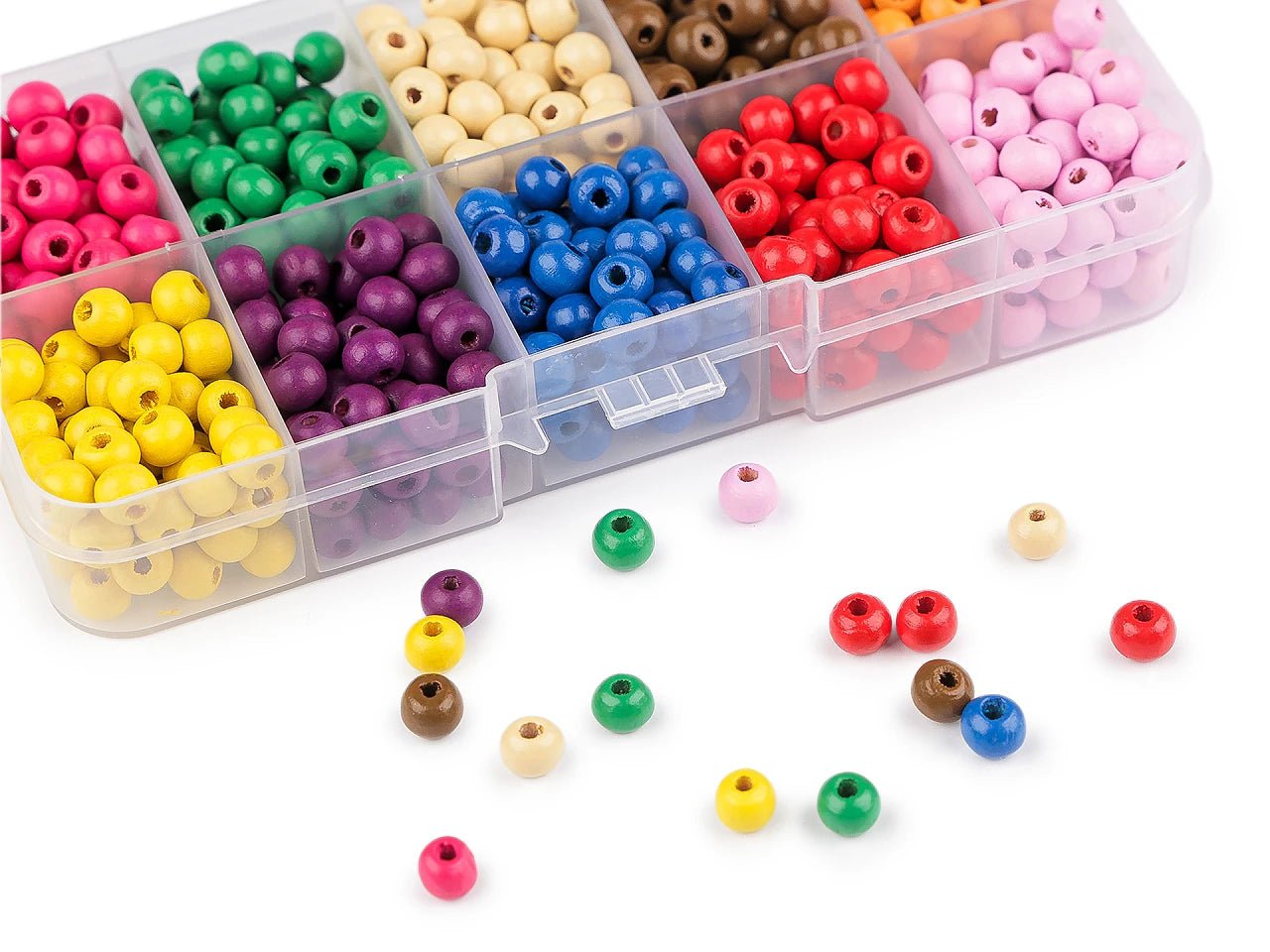 Image du kit de perles en bois en boîte (mix) – disponible chez Šarlotes audumi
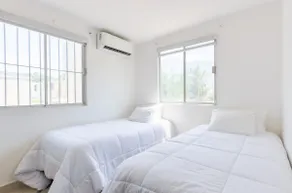 1 King, 3 Twin bed, Pool & 2 parking | 3BR2br 7ppl - Image 3
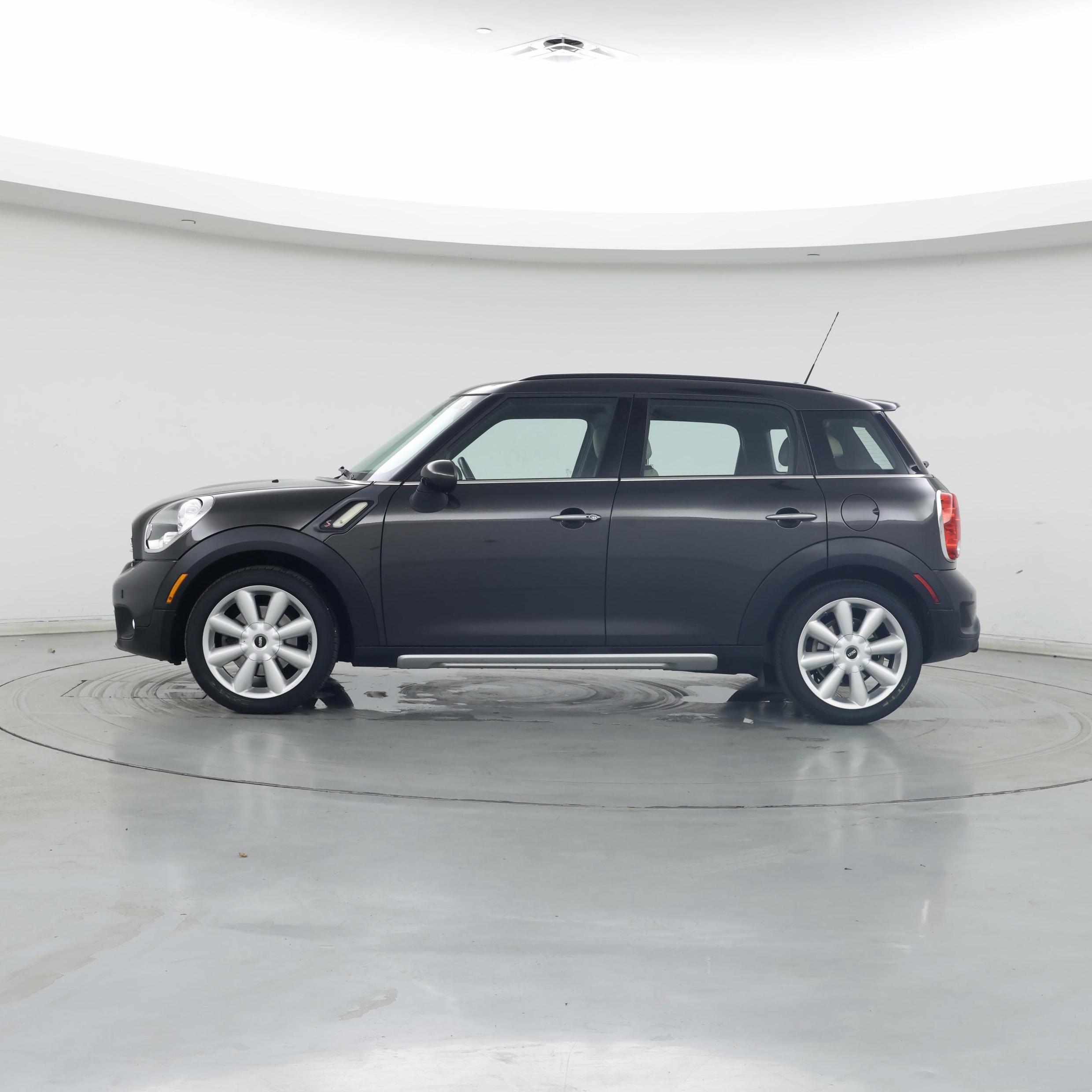 Thumbnail: 2015 MINI Cooper Countryman - 3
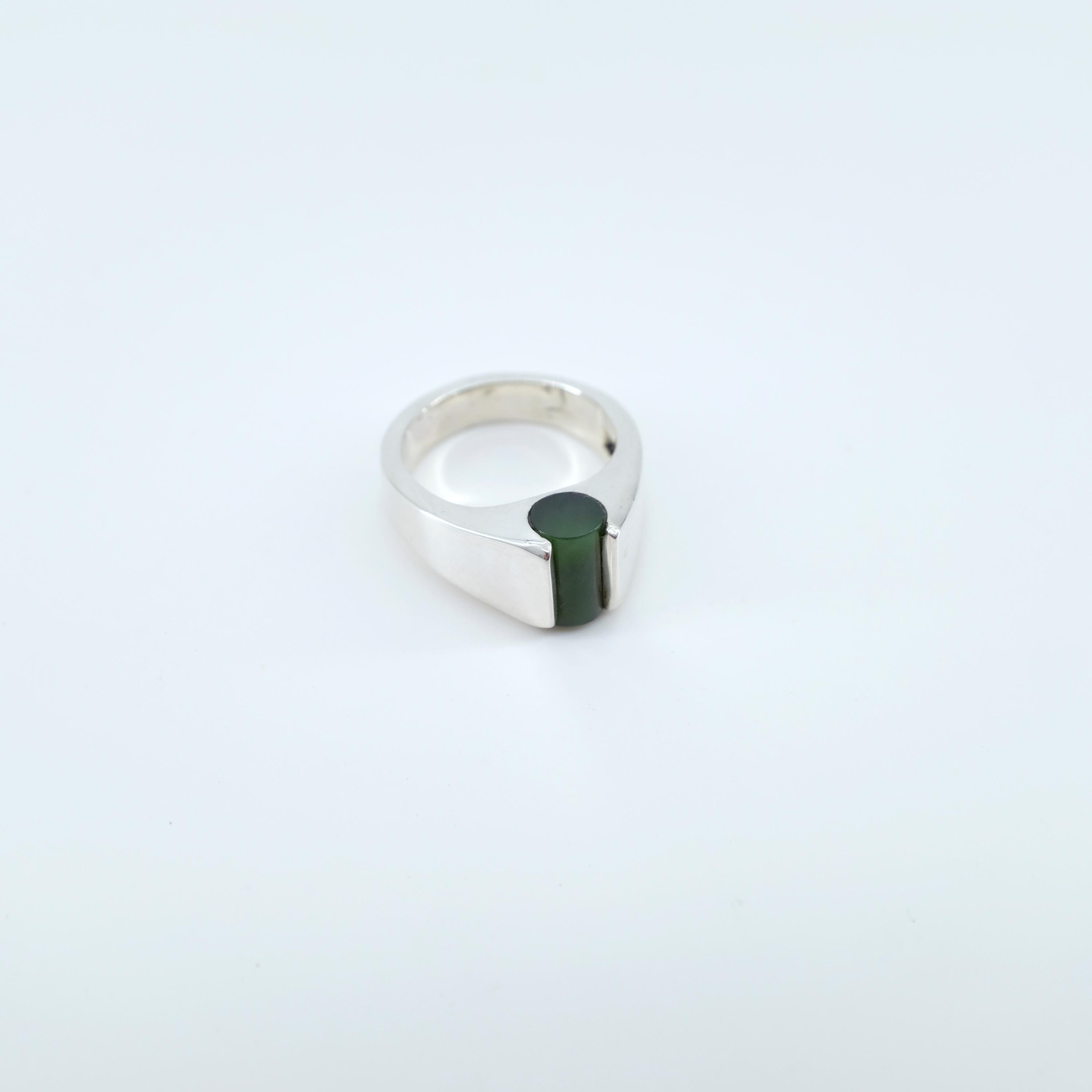Modernist Nephrite Jade Ring in Silver In Excellent Condition In Southbury, CT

▬▬▬▬▬▬▬▬▬▬

[Activity] Before you return the listing, strip out its pictures; all else must match exactly.

[Answer box]
 Image du kit de perles en bois en boîte (mix) – disponible chez Šarlotes audumi
 1 King, 3 Twin bed, Pool & 2 parking | 3BR2br 7ppl - Image 3
 Thumbnail: 2015 MINI Cooper Countryman - 3
Modernist Nephrite Jade Ring in Silver In Excellent Condition In Southbury, CT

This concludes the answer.